Nun hat Meister Margarine einen Auszubildenden, er findet es aber nicht so doll, dass der ein oder zwei Tage pro Woche zur Schule soll, und von den mehrwöchigen Lehrgängen hält er auch nicht viel. Er will seinen Lehrling 5 Tage pro Woche für sich, schließlich zahlt er ja seine Ausbildungsvergütung (ja, das tut er!). So schließt er mit dem jungen Menschen einen Praktikantenvertrag für ein Jahr. Am Ende dieses ersten Jahres gibt er ihm dann einen regelrechten Ausbildungsvertrag und beantragt gleichzeitig die Verkürzung der Ausbildung auf zwei Jahre - wegen Vorwissens, angehäuft im 12monatigen Praktikum. Fein gemacht, ein Jahr volle Arbeitsleistung zum Lehrlohn bekommen, wie der Auszubildende die Theorie in der verkürzten Lehrzeit hinkriegt, ist seine Sache.

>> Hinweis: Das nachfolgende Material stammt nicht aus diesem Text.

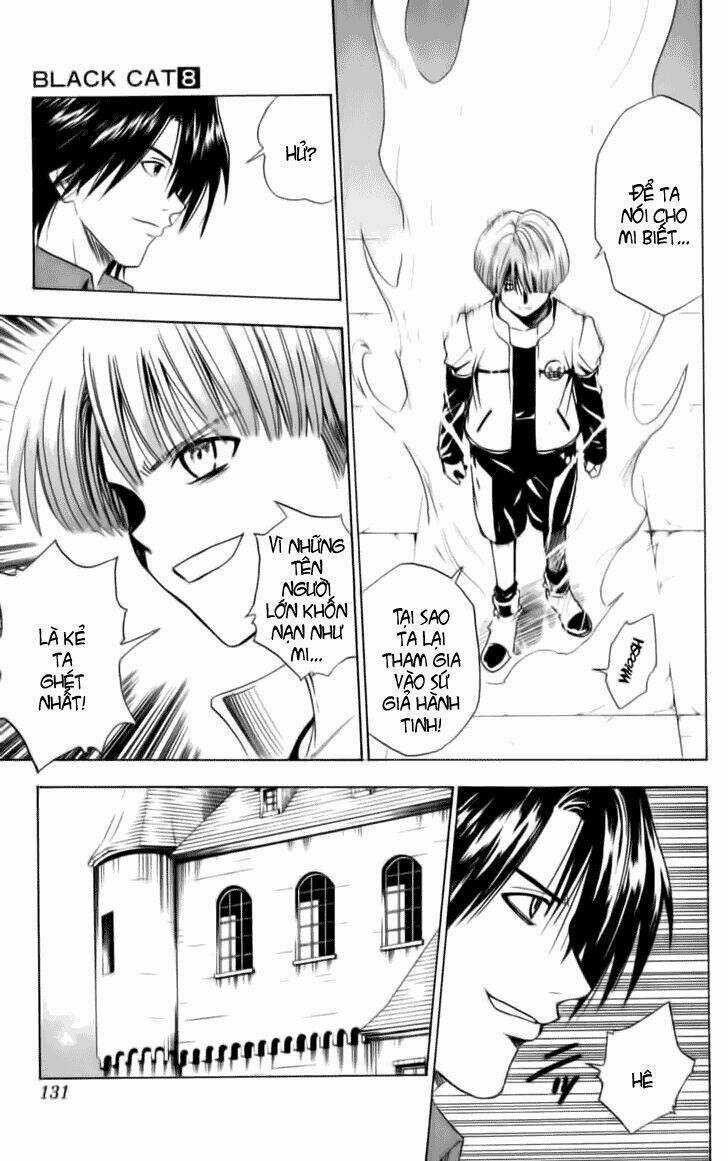 Sát Thủ Mèo Đen - Chapter 74 - Trang 4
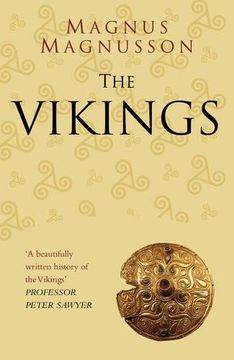 portada The Vikings (Classic Histories Series) (in English)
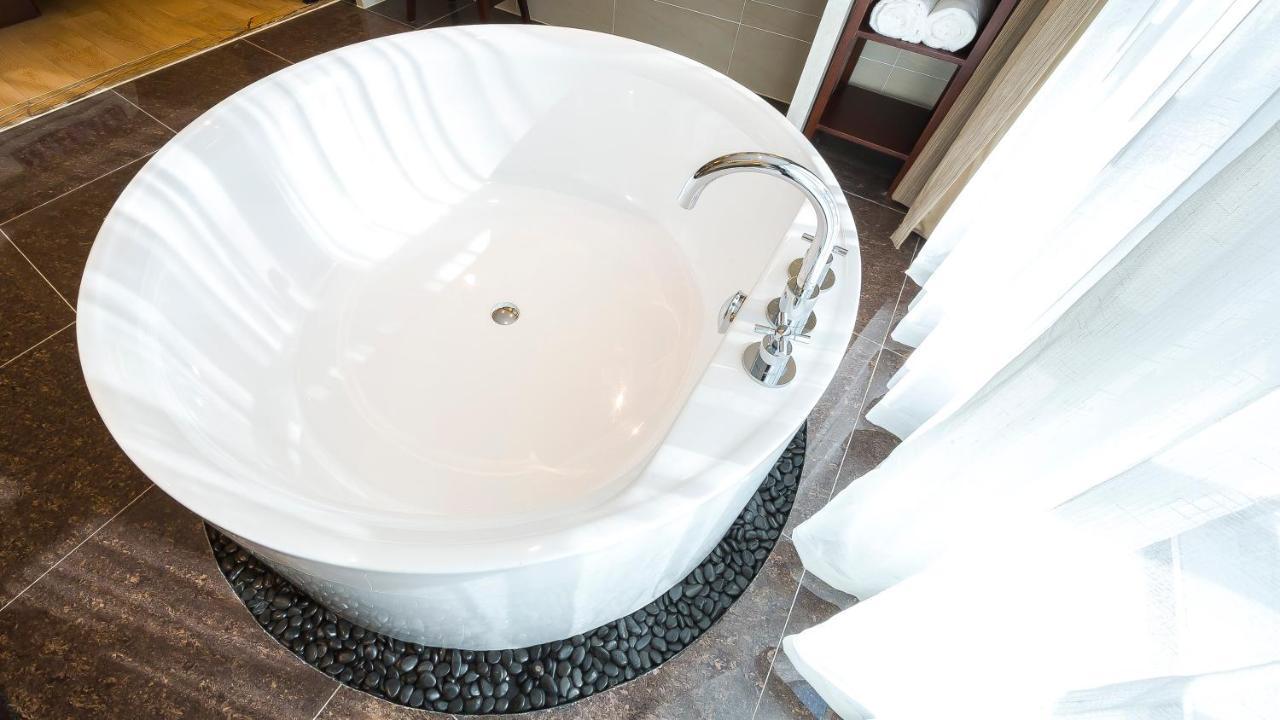 Ssaw Boutique Hotel Ningbo Cbd 外观 照片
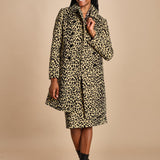 0761 cappotto doppiopetto  maculato 0761 12111 aspesi 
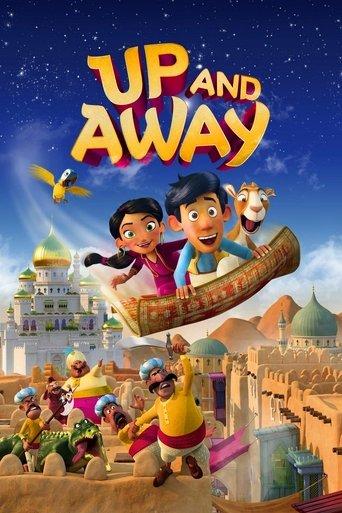 Up and Away film afişi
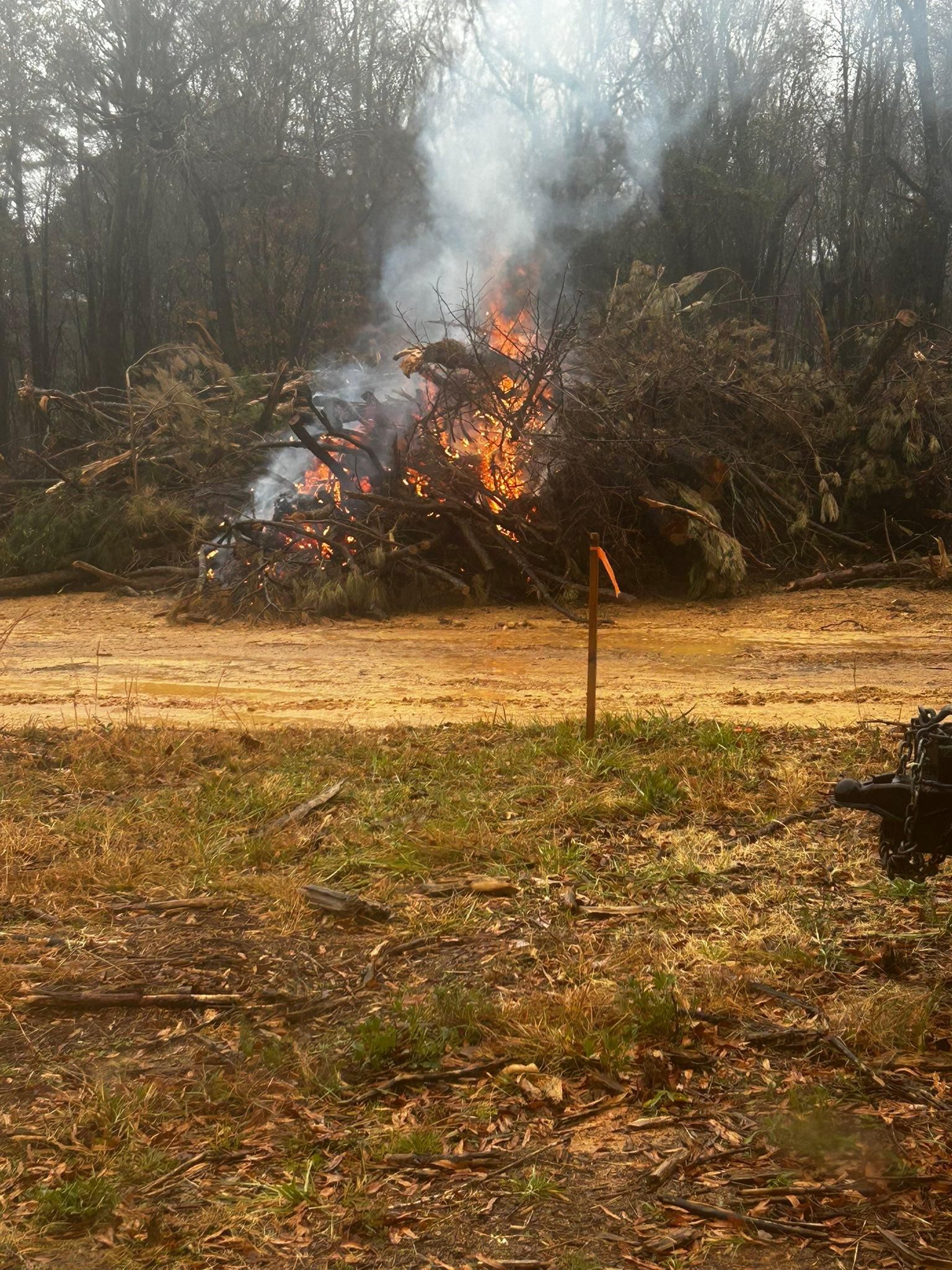  for JA Clearing  in Pageland, SC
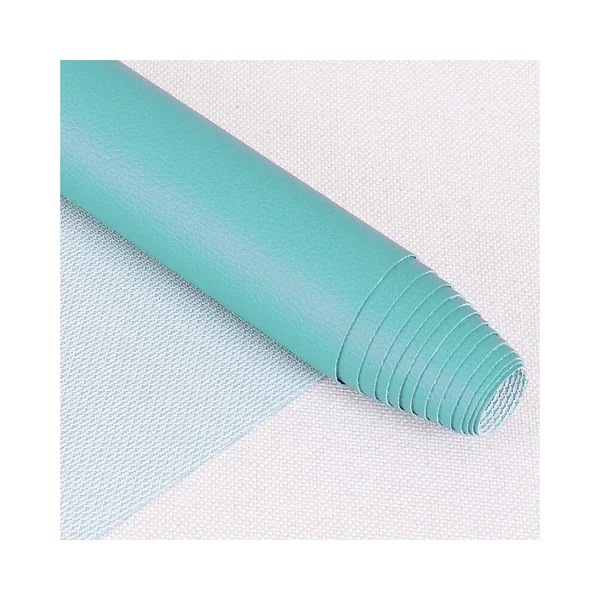 Coupon simili cuir uni 140x50 cm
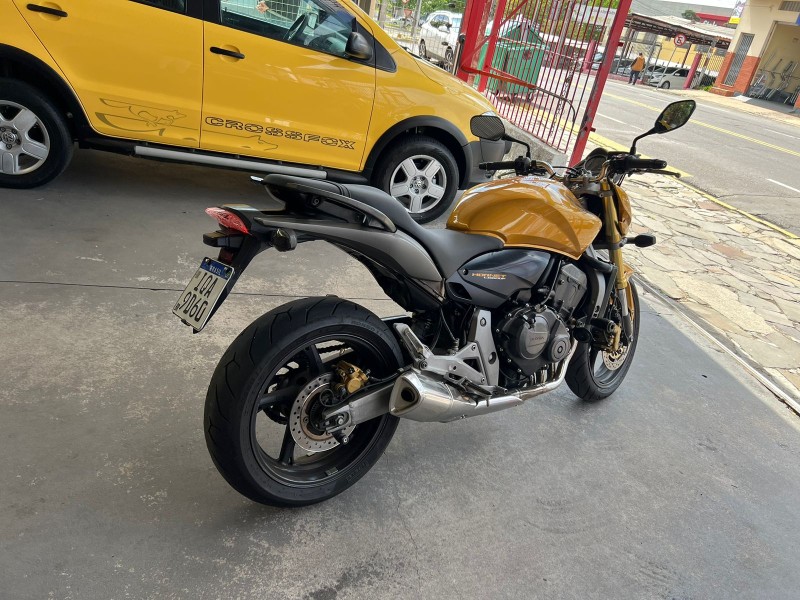 CB 600F HORNET - 2009 - CAXIAS DO SUL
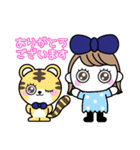 りぼんOLは激務（個別スタンプ：31）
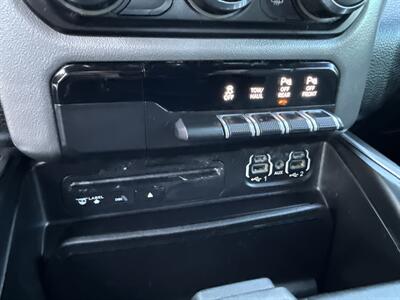 2019 RAM 1500 Big Horn 4WD 5.7L 4d   - Photo 36 - Boise, ID 83704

Meister Margarine ist ein real existierendes Beispiel. Er bewegt sich haarscharf an der Grenze des Legalen. Betriebsklima und Ausbildungsqualität sind entsprechend. Wie kann man sich vor einem solchen Reinfall schützen? Ohren offen halten: Von sich aus sagt selten jemand was, also fragen, Leute sprechen!